You can see it is very simmilar, only thing is that instead adding number for NEXT element i add number for CURRENT element.您可以看到它非常相似,唯一的问题是为 NEXT 元素添加数字而不是为 CURRENT 元素添加数字。 That's all.就这样。 Oh, and sorting.哦,还有排序。 It sorts capital first, then lowercase in this example, you can play with sort(key= lambda:x ...) if you wish to change that.在这个例子中,它首先对大写进行排序,然后是小写,如果你想改变它,你可以使用sort(key= lambda:x ...) (Perhaps like this: names.sort(key = lambda x: (x.upper() if x.lower() == x else x.lower())) ) (也许是这样的: names.sort(key = lambda x: (x.upper() if x.lower() == x else x.lower()))

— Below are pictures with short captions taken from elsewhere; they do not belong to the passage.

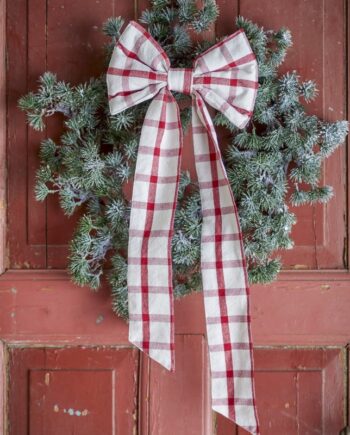 Dekorationssløjfe  Ruby Rød Hvid Ternet Blomingville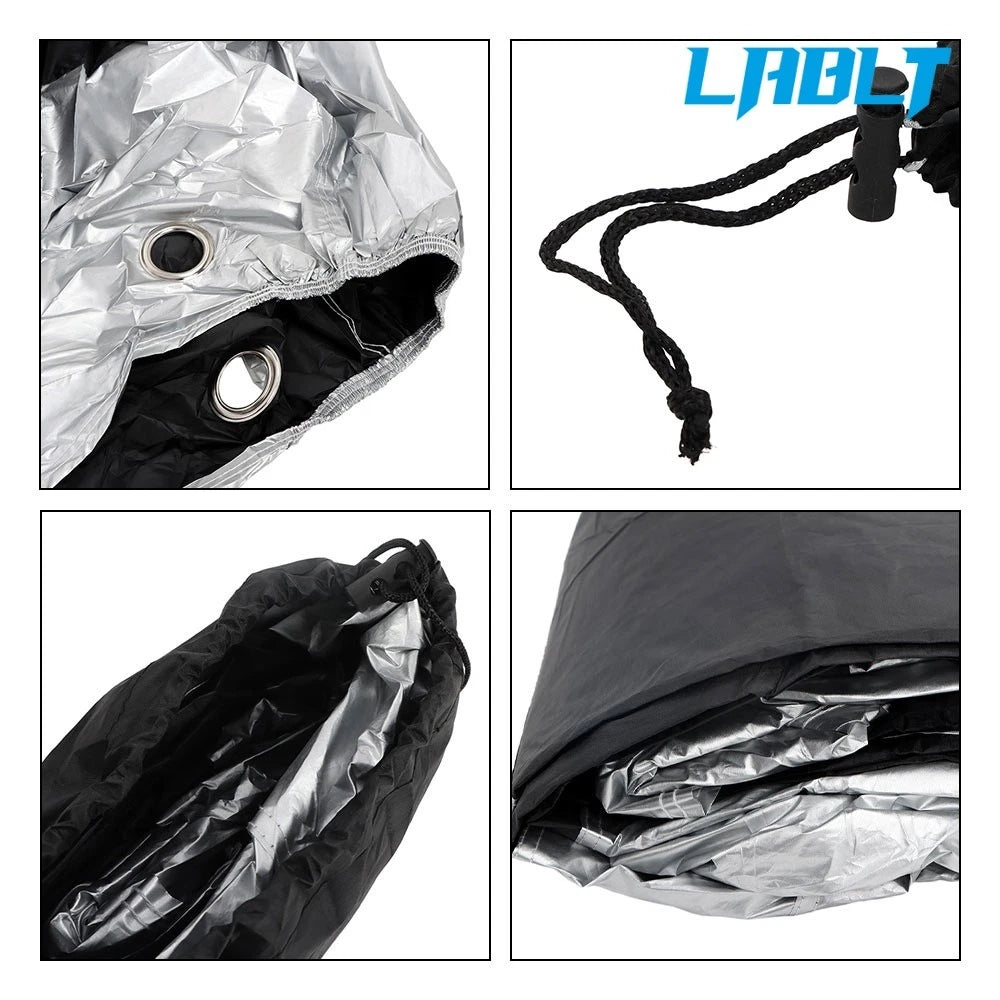 Motorcycle Cover 190T Waterproof for Black And Silver XXXL Size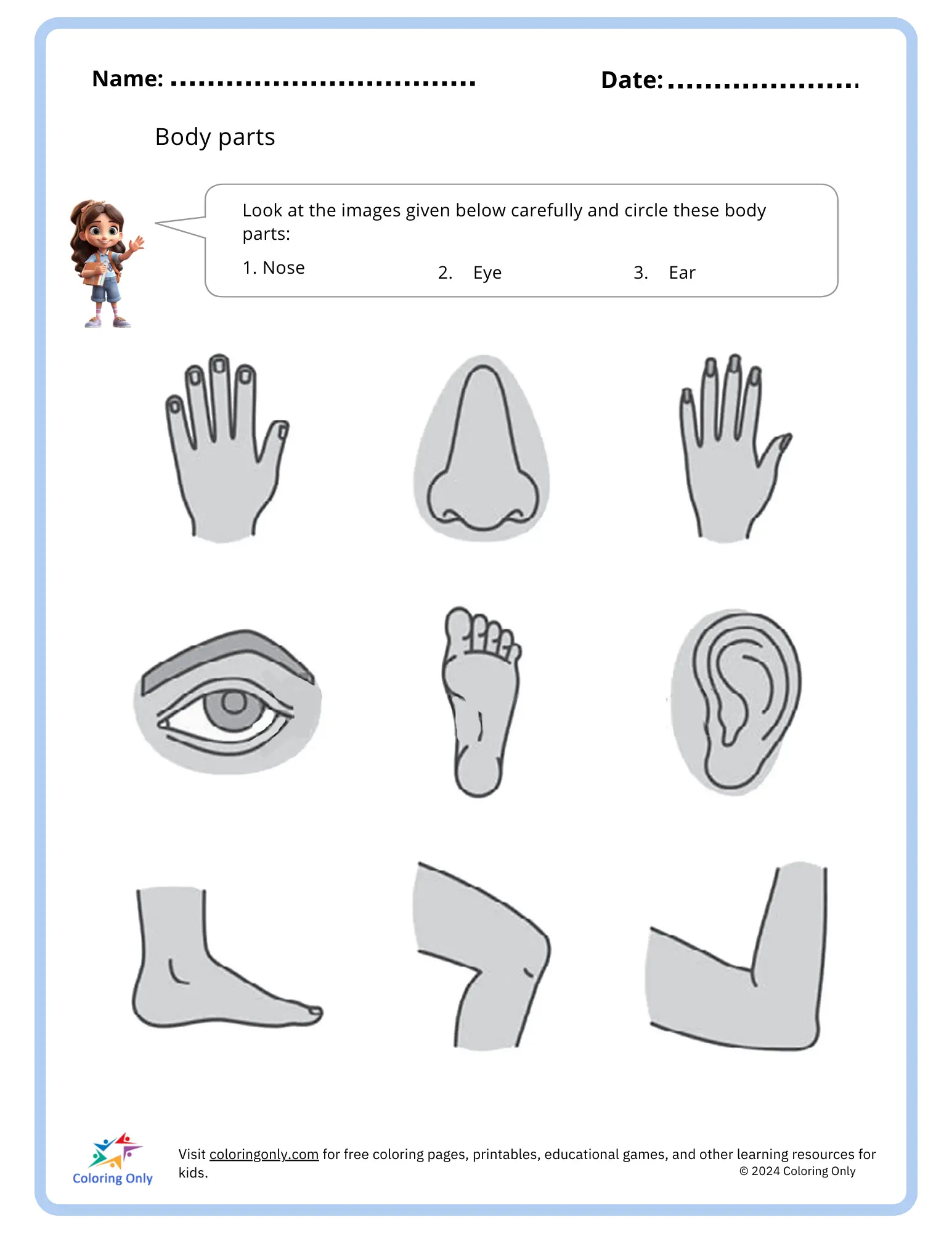 Body Parts Free Printable Worksheet Body Parts Free Printable Worksheet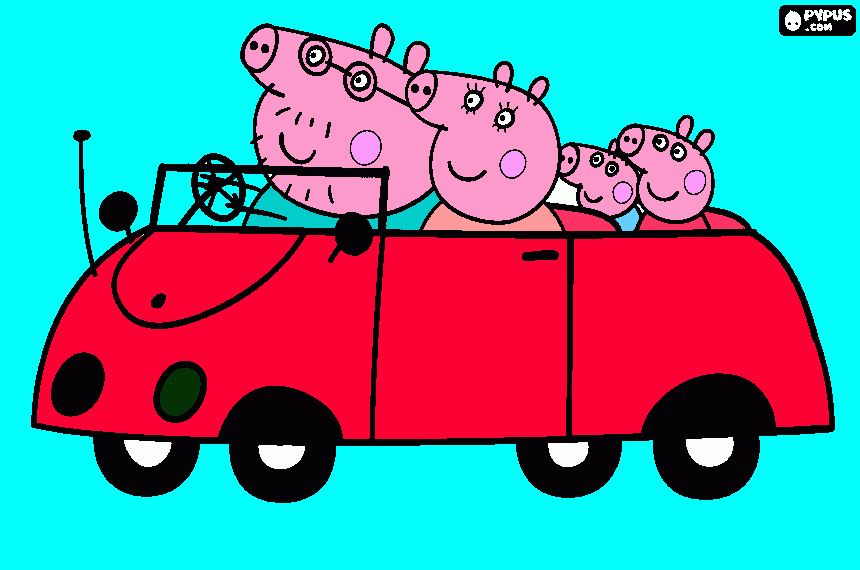  LA FAMILIA DE PEPPA EN EL CARRO para colorear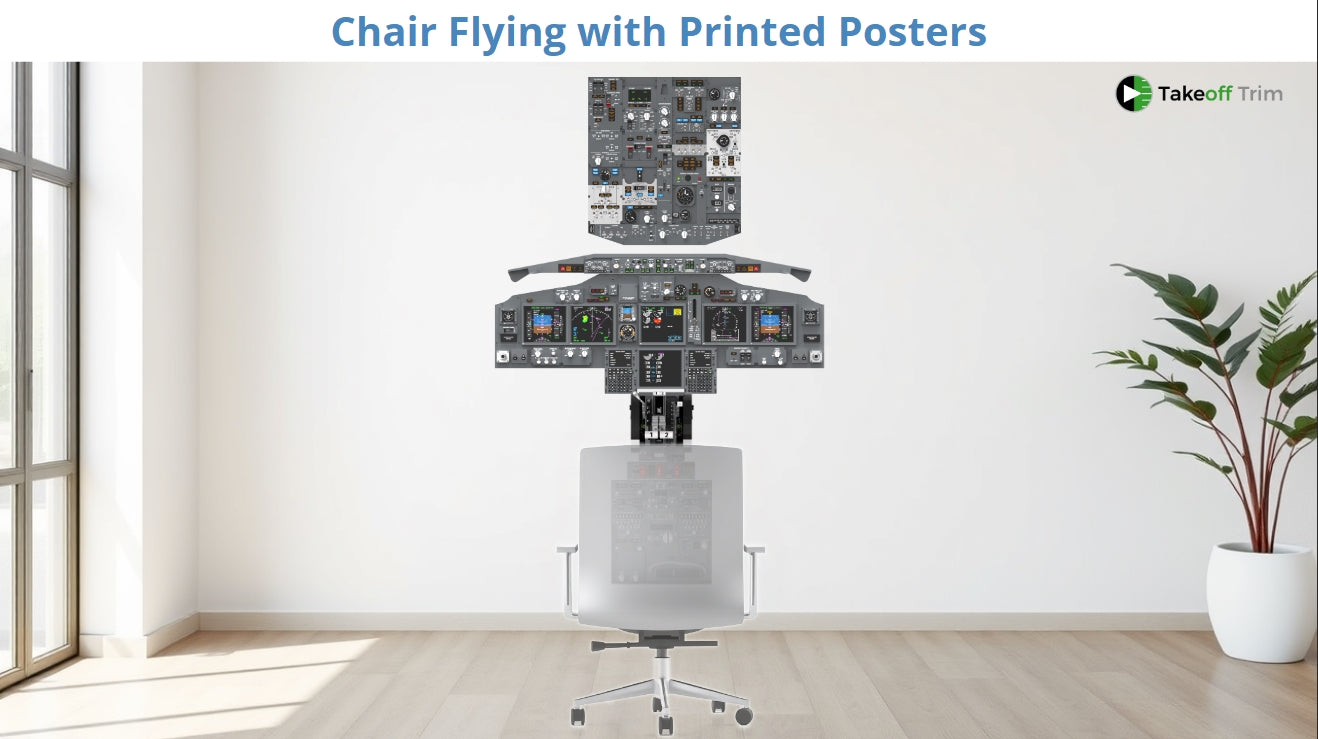 B737NG Chair Flying Bundle.  Print & Virtual Posters, with VR that plays on Computer, Tablet & Headsets!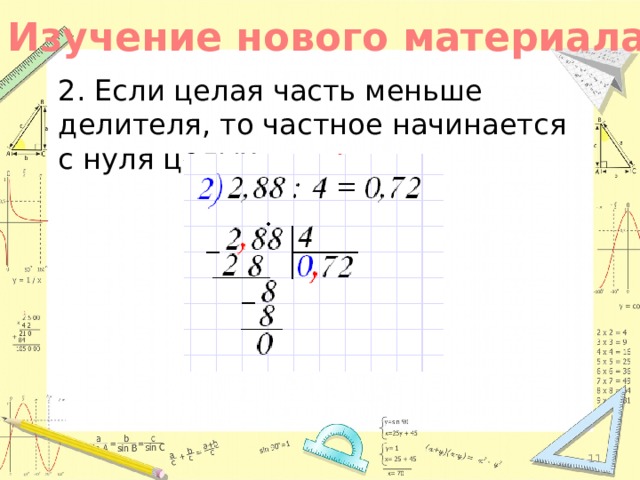 Изучение нового материала 2. Если целая часть меньше делителя, то частное начинается с нуля целых.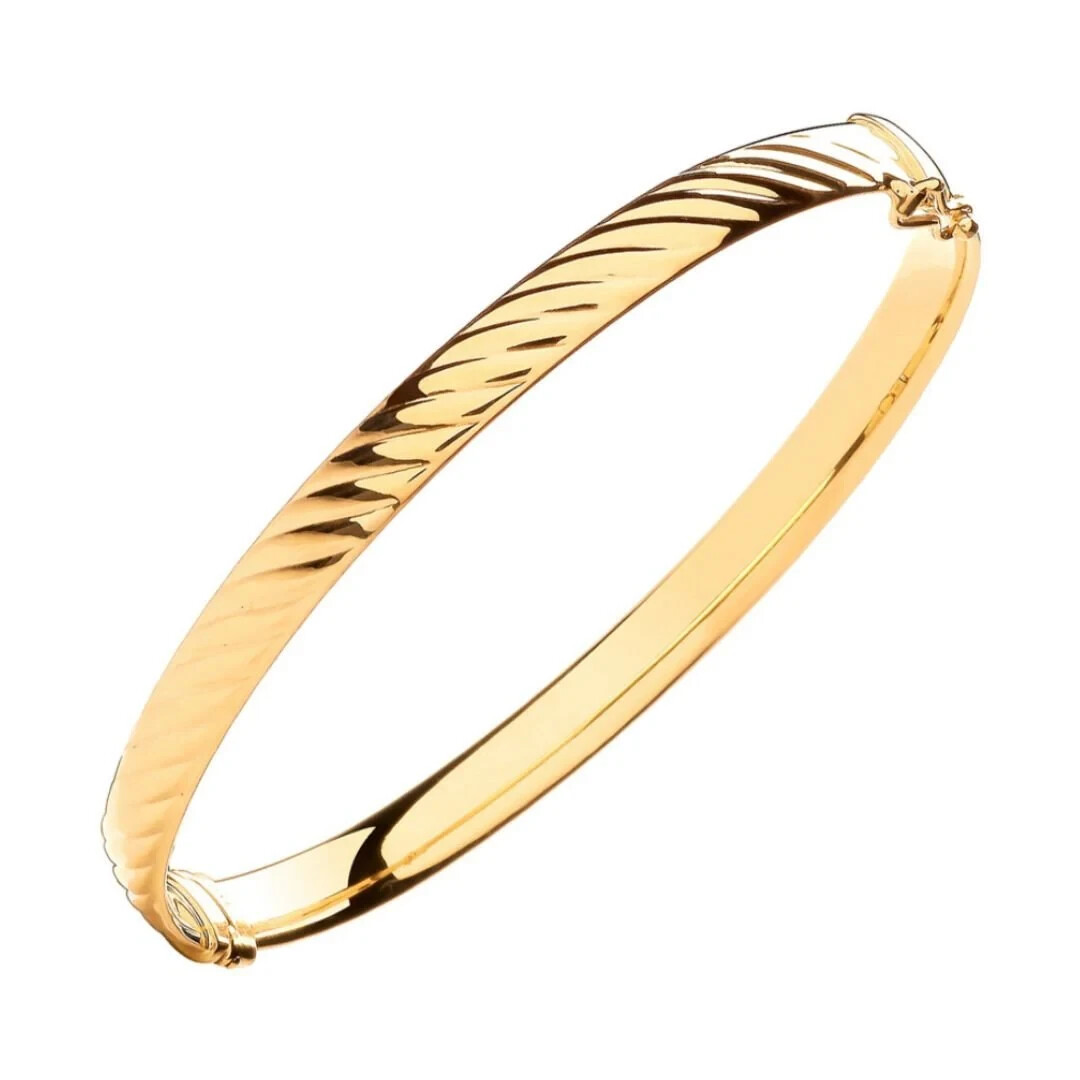9K Gold Bangle Swirls Oval Genuine 375 Hallmark. Best Gift for Her All Occasions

Since you are mapping strings to integers, that suggests using a dict.由于您将字符串映射到整数,因此建议使用 dict。 So you can do the following:因此,您可以执行以下操作:

d = dict()

counter = 0

for name in names:
    if name in d:
        continue
    d[name] = counter
    counter += 1

numbers = [d[name] for name in names]

Here is a similar factorizing solution with collections.defaultdict and itertools.count :这是一个类似的带有collections.defaultdictitertools.count 分解解决方案:

import itertools as it
import collections as ct


names = ['ll', 'll', 'hl', 'hl', 'LL', 'LL', 'LL', 'HL', 'll']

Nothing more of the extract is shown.